What Willoughby did do, however, was to add her own art. Originally a mural artist – her work graces walls from the K Club to Mount Juliet and more – her period-style panels are wonderfully in keeping with the timeless but chic look and feel of Donaguile House.
“I had studied interior design online, and then I did a course,” she says of her start as an artist. “Do you remember when ragging and dragging was all the rage? I learned glaze work, marbling and distressing, and I found it came really easily. I enjoyed it.”
Envisaging a career doing specialist paintwork, an early job was a colour wash for Meryl Long at Martinstown House. "She had seen a small trompe l'oeil I had done for a friend of hers, and she said would you consider doing a mural?" In fact, Long suggested that if she liked it, they'd come to an agreement, and if she didn't she'd paint over it – and they'd come to a different one.

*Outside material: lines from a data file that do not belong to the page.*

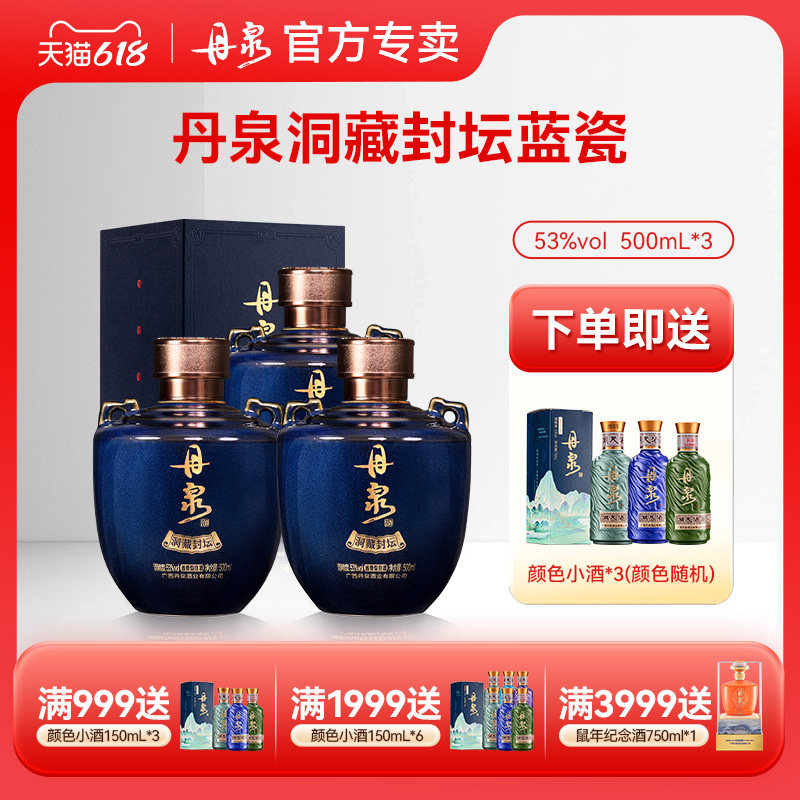 【买一发三】丹泉蓝瓷酱香型白酒粮食53度厂家直供高端白酒500ml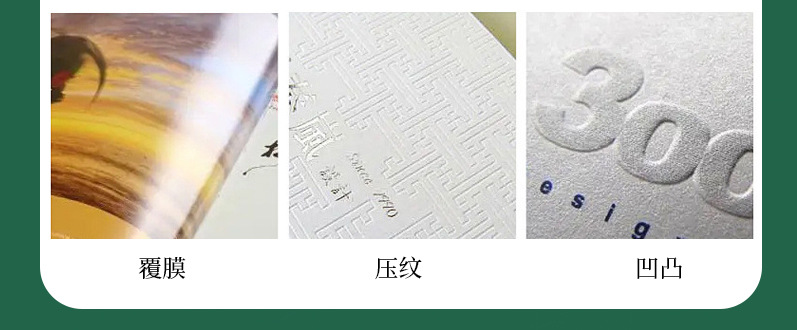 2026-粽子盒详情页---2_30.jpg
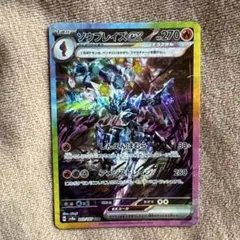 ソウブレイズex sar 3枚セット 2025年最新】ソウブレイズ sarの人気アイテム - メルカリ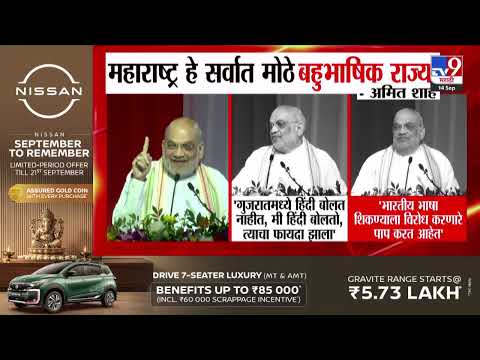 Amit Shah On Hindi Language | अमित शाहांचं भाषेबाबत मोठं वक्तव्य; काय म्हणाले?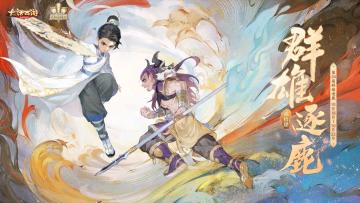 【群雄战报】群雄战火重燃，32强战队名单出炉！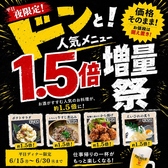 お菜屋 わだ家 つくば店のおすすめ料理2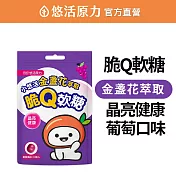 【悠活原力】小悠活 葉黃素脆Q軟糖-葡萄風味(10粒/包)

“I sweated over it,” recalls Willoughby. “But she was delighted, and it’s still there. From there on, I went from mural to mural. It was really interesting and I met some great people. And it fed into my particular set of skills: I’m good at scale, balancing colour and incorporating a mural into an interior so it looks like it was always there. I would never have known I could do that – it just worked out.”
Describing her work, during the boom (“you know, the original boom, when there were those huge big mansions going up”), Willoughby casts her mind back to days of painting on the vast canvasses of the walls of the rich and occasionally famous.
So, did she ever get asked to paint anything really ghastly, hideous and tacky?
"Oh yes," she laughs. "One person wanted a life-sized portrait of golfer Colm Montgomerie, placing a golf ball on some green in some particular golf course in America. And he wanted this in a bedroom. I knew it would be completely awful, so I said I wouldn't be able to do it well."
She also recalls hours painting in behind toilets: “bathrooms and hallways are the most popular places for murals. Places you don’t spend so much time in, so you don’t tire of them. Murals are seen as heavy decoration, but I don’t agree with that, they can be subtle and soft.”
These days Willoughby works to a smaller scale, although her canvases and panels are inspired by painted decoration. “I think my work is out of time, out of fashion, but I love it and I love the interiors you see that sort of work in.” Some are based on chinoiserie, some are florals and still lifes, and some come from figures from art history.
Willoughby mainly works from her Dún Laoghaire kitchen in the winter, while summers are spent looking after the six-bedroom Donaguile House.
“It’s not as large as it looks, it’s only one room deep. But it is big. Walled gardens almost always come with houses that are too big.”
So what about that garden? “There are two acres, and it’s quite manageable, but when you’re trying to keep weeds at bay and keep on top of it, it’s a lot of work.”
Willoughby, who comes across as one of those brilliantly inventive, engaging and undauntable women, came up with a tasty solution: she invited a chef to come and help.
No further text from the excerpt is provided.